Kandahar province is governed by Mr. Karzais brother, Ahmed Wali Karzai, who is frequently the target of corruption allegations.
Shahmahmood Miakhel, a former deputy minister of interior in the Karzai administration, said the Taliban owes its continuing influence to the lack of good government in Afghanistan.
“The Taliban’s physical power has been degraded, but its influence has not been reduced due to an absence of police and government structures,” said Mr. Miakhel, who heads the U.S. Institute of Peaces Afghanistan program.
David Kilcullen, author of “The Accidental Guerrilla” and a counterterrorism specialist who has worked in Afghanistan, said the Karzai administration must focus on improving its legitimacy through reform and rule of law.
“Unfortunately, this is something only Afghans can do. We can help, but they have to want it, too,” he added.
“No amount of know-how or enthusiasm on the part of outsiders can compensate for lack of will on the part of relevant officials.”
The Pentagon leads U.S. efforts to train and equip the Afghan army. Since 2002, U.S. agencies have allocated about $20 billion in support of this effort and sought $7.5 billion more for fiscal 2011.
A key question on the minds of Afghan officials and analysts is whether the international community will be willing to sustain its financial investment in Afghanistan beyond 2014.
“After 2014, the Afghan army will still need technical and financial support.

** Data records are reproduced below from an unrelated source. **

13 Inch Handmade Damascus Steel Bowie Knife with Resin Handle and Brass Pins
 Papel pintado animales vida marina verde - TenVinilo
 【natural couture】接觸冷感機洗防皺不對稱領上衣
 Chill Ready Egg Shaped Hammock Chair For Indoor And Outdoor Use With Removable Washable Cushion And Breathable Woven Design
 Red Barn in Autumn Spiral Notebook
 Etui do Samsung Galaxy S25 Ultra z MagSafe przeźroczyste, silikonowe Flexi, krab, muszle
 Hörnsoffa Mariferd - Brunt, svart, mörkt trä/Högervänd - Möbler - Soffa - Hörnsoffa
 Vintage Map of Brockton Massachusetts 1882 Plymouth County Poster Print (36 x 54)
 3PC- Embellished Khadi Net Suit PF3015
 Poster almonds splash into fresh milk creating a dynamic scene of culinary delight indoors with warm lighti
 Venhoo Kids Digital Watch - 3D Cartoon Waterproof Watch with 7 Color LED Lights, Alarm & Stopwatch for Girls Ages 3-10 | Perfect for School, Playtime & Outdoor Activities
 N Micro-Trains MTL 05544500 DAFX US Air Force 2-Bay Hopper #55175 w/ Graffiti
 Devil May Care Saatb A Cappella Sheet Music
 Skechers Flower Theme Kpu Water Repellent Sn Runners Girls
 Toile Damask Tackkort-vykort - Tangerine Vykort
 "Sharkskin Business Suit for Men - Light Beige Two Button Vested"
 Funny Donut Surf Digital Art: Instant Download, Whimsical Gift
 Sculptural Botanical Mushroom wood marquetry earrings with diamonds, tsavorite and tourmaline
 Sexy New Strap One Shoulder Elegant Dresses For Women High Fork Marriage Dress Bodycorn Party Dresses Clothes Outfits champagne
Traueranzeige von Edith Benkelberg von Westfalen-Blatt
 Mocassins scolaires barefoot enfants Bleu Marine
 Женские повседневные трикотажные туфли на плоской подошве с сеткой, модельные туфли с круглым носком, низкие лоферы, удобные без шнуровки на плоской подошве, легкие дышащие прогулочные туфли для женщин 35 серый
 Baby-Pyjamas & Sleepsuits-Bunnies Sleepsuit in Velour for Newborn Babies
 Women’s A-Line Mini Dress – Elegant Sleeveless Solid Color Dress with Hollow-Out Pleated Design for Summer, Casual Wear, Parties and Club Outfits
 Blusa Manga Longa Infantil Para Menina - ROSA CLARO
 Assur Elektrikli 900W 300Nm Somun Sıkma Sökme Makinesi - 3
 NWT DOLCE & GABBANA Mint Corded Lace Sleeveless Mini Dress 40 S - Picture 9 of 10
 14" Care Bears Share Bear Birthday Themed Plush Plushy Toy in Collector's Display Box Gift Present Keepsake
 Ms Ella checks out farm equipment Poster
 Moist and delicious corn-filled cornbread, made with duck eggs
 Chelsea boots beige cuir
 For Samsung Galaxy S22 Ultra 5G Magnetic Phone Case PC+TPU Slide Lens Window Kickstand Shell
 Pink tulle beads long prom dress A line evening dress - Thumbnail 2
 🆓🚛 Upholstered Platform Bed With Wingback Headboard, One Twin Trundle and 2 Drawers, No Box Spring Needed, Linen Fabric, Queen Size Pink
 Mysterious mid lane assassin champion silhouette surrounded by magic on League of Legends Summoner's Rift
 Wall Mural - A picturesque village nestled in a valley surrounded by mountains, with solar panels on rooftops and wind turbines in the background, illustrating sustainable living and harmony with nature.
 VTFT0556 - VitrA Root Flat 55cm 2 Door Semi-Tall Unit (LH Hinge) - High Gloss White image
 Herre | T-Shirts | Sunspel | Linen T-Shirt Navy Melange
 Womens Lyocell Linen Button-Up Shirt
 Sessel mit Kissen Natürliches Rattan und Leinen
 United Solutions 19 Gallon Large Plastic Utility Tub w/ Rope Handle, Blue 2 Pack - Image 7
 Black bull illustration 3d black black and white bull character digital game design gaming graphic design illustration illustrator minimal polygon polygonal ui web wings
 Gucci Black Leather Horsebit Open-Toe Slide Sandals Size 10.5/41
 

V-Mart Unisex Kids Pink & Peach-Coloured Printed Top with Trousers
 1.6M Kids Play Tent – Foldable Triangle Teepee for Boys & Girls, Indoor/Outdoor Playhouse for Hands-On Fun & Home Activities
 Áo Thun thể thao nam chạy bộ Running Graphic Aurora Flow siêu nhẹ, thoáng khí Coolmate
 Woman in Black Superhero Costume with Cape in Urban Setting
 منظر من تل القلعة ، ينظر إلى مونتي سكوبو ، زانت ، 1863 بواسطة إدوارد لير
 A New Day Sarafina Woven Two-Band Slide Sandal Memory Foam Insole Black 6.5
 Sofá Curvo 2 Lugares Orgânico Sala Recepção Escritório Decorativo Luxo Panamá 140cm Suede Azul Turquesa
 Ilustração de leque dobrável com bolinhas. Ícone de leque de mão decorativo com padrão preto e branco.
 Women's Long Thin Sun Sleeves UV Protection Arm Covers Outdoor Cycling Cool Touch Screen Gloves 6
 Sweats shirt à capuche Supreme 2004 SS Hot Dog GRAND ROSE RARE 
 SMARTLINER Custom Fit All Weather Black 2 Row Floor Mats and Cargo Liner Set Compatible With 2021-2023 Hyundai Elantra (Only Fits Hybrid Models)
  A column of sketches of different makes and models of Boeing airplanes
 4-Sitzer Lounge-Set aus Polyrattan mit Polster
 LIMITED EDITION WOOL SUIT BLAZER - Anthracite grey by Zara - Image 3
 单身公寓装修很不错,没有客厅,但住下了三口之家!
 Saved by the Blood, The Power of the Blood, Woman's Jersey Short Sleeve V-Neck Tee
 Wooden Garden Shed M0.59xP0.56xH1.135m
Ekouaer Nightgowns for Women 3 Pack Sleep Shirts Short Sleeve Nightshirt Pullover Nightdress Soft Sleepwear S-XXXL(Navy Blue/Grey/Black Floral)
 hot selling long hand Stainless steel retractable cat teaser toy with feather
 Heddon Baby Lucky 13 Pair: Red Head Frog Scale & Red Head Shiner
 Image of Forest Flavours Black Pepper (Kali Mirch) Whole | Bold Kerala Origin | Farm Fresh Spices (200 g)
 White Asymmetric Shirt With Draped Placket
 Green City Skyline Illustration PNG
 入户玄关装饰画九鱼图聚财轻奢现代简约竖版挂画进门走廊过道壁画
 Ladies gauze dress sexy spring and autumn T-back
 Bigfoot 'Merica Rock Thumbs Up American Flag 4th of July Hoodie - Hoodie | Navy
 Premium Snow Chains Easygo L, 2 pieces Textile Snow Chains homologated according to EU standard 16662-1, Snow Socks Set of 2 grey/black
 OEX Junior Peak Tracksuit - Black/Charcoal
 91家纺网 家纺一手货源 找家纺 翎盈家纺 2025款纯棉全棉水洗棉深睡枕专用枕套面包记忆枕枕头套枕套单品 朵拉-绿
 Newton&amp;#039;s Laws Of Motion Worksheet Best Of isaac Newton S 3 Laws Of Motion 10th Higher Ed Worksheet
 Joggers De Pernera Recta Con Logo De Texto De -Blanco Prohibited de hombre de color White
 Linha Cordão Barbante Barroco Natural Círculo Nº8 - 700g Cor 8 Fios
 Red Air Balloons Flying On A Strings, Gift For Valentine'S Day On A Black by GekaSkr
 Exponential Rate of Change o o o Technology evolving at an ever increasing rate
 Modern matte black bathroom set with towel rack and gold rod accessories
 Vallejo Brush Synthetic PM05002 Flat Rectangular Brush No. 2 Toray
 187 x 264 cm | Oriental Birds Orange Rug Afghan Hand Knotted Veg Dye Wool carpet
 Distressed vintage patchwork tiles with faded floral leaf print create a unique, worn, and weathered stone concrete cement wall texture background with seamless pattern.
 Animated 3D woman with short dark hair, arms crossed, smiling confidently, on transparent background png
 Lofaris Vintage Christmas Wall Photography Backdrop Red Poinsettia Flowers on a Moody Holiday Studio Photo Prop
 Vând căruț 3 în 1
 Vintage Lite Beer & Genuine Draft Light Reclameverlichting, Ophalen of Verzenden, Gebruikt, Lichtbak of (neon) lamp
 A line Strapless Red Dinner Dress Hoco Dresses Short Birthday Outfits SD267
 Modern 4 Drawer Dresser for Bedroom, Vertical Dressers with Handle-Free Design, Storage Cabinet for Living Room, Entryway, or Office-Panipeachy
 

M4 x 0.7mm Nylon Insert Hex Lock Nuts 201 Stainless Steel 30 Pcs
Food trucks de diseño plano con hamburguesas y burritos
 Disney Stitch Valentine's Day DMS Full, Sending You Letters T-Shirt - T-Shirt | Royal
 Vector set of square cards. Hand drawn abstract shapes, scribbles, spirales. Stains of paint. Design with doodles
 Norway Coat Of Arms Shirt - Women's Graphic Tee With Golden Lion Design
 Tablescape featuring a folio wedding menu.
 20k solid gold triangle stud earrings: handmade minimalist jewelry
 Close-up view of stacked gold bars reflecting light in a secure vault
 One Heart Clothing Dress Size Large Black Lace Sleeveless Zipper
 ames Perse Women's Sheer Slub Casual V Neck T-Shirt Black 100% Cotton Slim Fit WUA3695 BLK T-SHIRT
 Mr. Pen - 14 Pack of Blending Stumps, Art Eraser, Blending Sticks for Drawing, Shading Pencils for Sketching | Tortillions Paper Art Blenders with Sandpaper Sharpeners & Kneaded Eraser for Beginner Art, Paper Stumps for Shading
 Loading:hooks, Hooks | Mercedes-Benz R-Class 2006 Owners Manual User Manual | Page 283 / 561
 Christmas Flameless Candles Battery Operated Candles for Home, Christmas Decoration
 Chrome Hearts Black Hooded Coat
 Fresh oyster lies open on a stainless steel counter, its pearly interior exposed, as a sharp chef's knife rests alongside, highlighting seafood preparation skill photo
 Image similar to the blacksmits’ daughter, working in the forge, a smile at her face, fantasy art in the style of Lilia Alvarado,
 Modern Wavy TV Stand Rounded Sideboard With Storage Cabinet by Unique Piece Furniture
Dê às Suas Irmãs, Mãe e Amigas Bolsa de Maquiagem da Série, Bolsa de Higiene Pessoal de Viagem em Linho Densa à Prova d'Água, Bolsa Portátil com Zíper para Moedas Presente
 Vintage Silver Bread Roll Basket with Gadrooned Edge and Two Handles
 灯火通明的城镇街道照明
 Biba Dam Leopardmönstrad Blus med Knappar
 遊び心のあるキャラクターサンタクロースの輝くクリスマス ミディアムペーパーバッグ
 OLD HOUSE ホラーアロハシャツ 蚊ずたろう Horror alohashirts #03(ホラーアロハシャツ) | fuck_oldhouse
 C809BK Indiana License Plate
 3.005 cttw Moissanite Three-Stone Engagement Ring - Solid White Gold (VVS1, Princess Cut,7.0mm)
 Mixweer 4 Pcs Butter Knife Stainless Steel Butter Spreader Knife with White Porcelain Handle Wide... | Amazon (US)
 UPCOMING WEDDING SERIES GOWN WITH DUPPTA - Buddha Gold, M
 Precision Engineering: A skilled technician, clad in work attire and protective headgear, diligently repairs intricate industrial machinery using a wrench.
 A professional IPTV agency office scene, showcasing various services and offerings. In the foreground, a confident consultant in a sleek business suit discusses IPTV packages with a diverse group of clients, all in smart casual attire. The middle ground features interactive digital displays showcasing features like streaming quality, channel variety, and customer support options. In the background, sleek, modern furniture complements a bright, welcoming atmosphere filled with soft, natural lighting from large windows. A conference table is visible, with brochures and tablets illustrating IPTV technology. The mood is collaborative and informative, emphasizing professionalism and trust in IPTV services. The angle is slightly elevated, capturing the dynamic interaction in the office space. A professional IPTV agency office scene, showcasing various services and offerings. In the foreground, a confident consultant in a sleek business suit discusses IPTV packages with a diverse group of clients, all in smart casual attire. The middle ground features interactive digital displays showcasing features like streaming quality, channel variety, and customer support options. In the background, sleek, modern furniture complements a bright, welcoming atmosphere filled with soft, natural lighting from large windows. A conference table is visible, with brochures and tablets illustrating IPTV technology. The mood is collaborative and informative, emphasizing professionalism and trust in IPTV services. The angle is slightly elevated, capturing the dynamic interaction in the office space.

The big question is whether international support can be maintained for the next five to 10 years,” said Mr. Miakhel.
The Afghan government, which covers a fraction of the cost of training and equipping Afghan security forces, spends the largest portion of its annual budget on the army.
Afghanistan does not use a draft system mainly because it lacks an adequate law enforcement or legal structure to enforce it.
The January GAO report found that the Afghan army had grown at a faster rate than expected between January and July 2010. However, Western officials say they are most concerned about quality, not quantity.
Mr. Kilcullen flagged the ethnic imbalance in the Afghan army as another area of concern.
He said there are too few Pashtuns and too many members of northern ethnic groups in the army for it to be truly representative of the Afghan population. Pashtuns make up 42 percent of Afghanistans population and are the majority.
The Taliban is also made up primarily of Pashtuns.
The dearth of top-quality army leadership is another concern frequently cited by Afghan and Western officials. Leadership training has been hampered by the high levels of illiteracy among Afghans.
Some Afghan officials are worried that the Taliban may try to exploit what they refer to as the armys Achilles heel by assassinating the few qualified officers in the service.
The absence of what Afghans refer to as an “army culture” is another considerable challenge to building a force from scratch.
“Now, it is all about saving yourself and your family, not saving the country,” said the Afghan official who spoke on background.